Samples and data were collected to the project on the cruise for the Arctic Mid-Ocean Ridge (AMOR) in 2016. Using ROV both geological and biological material were provided for analysis – and three sites were mapped using the AUV Hugin. The scientific focus for the work package is methods for data interpretation and efficient data collection for Mid-Ocean ridge exploration with emphasis on features connected with mineral deposits. This challenge has been addressed on multiple spatial ranges. Starting with large area mapping, a method has been developed to enable AUVs to do data driven and adaptive seabed mapping by online data processing and automatic mission re-planning. As the acoustic signal strength differs between substrates, and the signature can be used to classify different seabed types using Hidden Markov Random Fields (HMRF) to perform unsupervised segmentation. The outcome of
this analysis was then directly used to plan and conduct an autonomous near-seabed camera survey to verify the classification results. Methods are also developed to prove supervised seabed classification of synthetic aperture sonar (SAS) data. Seabed classification is proposed by a convolutional neural network (CNN) and tested on seabed partly covered with stony corals. For seabed survey of higher detail and more limited extent – hyperspectral imaging has been explored and methods developed based on AUVs and ROVs.

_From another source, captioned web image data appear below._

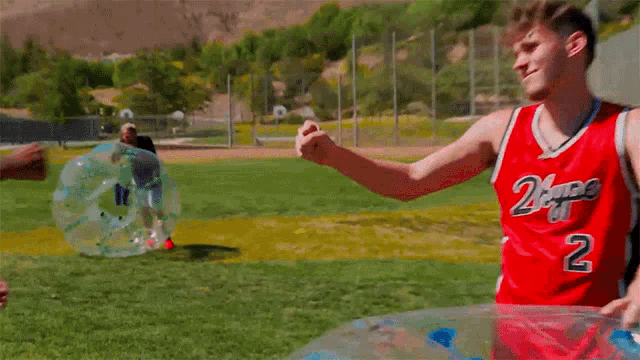 a man wearing a 2 hype jersey shakes hands with another man in a bubble soccer game
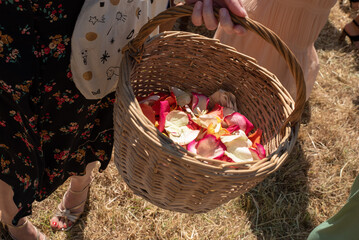 Un panier en osier rempli de p&eacute;tales de fleurs est tenu par une demoiselle d'honneur &agrave; un mariage.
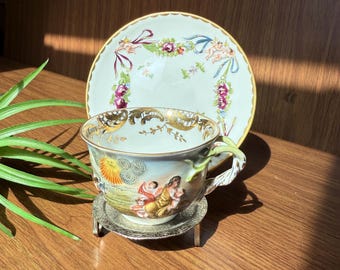 Antique 1800s Capodimonte Cup and Saucer with Whimsical Pastoral Cherib Motif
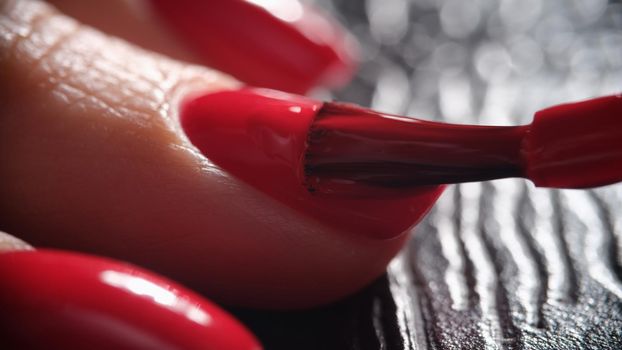 Red nail polish is applied to hand. Beautiful manicure process concept
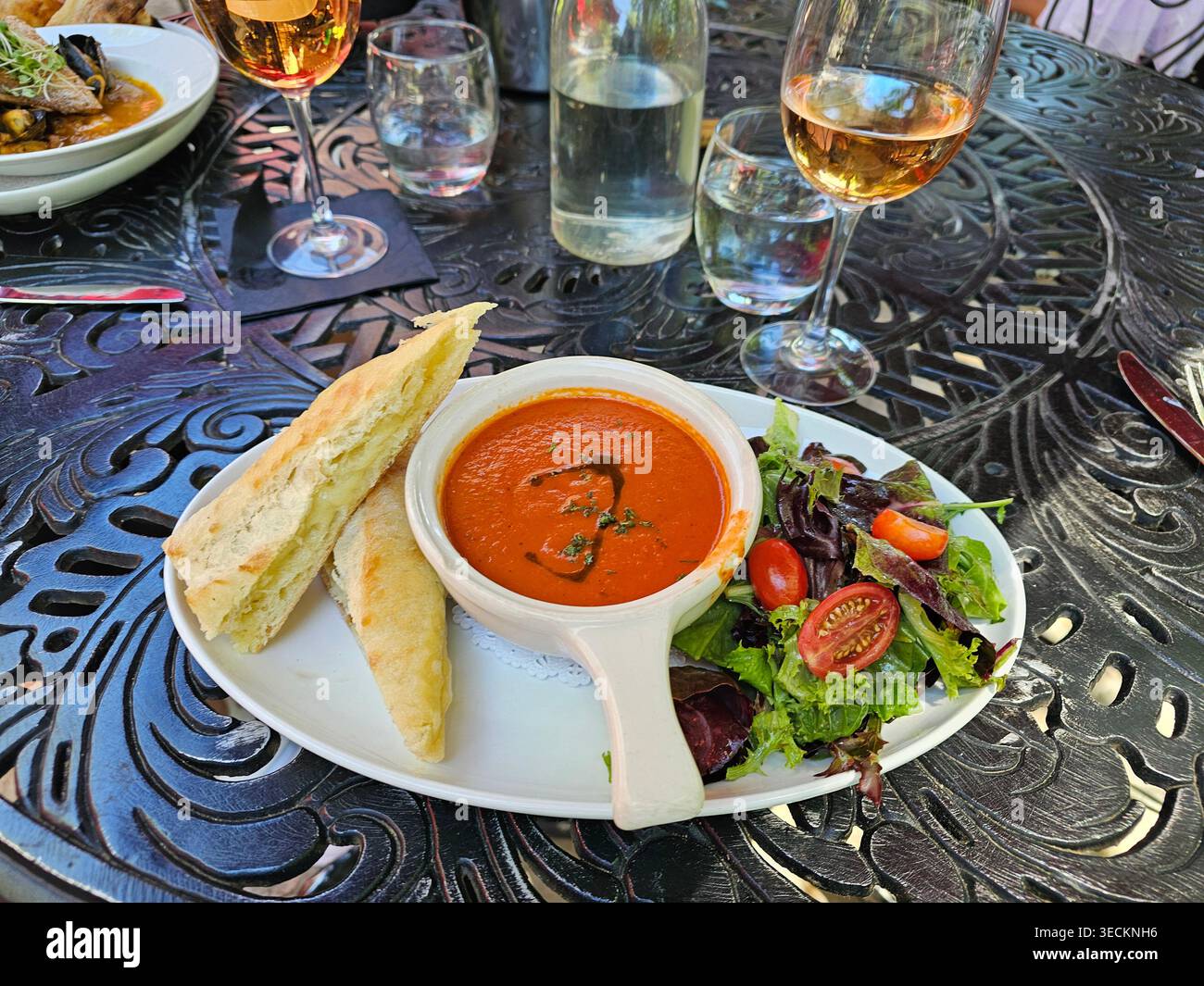 Panino al formaggio alla griglia con pane grassa e francese, accompagnato da una zuppa di pomodori spessa e un'insalata di foglie primaverili e pomodori. Foto Stock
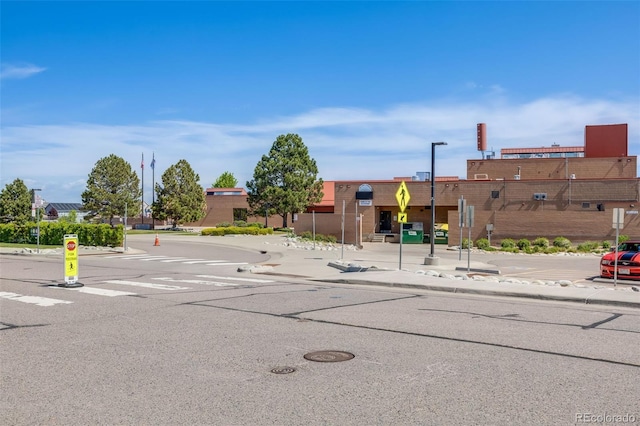 19294 E Warren Pl, Aurora, CO 80013 - view of asphalt street with traffic signs, curbs, and sidewalks
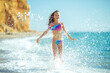© nuzza11 - Child girl runs on the waves. Rest by the sea, fun outdoors. High quality photo.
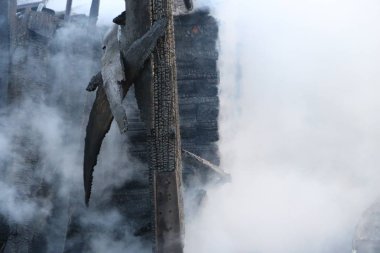Yangın. kalıntıları ve yanık ahşap ev kalıntıları. Kalın duman yanmış Kömürleşmiş odun.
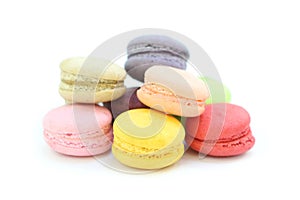 Close up many colorful fresh macarons pile isolated on white background, look delicious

This is the first time a full scale hyperspectral imager has been mounted on AUVs and shows that it is feasible to deploy underwater hyperspectral imagers (UHI) on autonomous underwater vehicles with sufficient lighting. For the cruise an ROV-based core drill system was developed and tested. The system is a single stroke drill and is simple, robust and possible to use from various larger ROVs. The system provides a probing tool for marine mineral exploration, with low cost, low operational complexity and low risk. To increase the value of hyperspectral imaging a method to provide reference spectra of typical seabed material from hydrothermal vent areas were developed by analyses from a lab experiment. The identification of possible end-members from field data requires prior information in the form of representative signatures for distinct materials. Hyperspectral imaging was applied to a selection of materials from the Loki Castle active hydrothermal vent site in a laboratory setting. A method for compensating for systematic effects and recovering the reflectance spectra were presented and applied to recover the spectral signatures from the samples.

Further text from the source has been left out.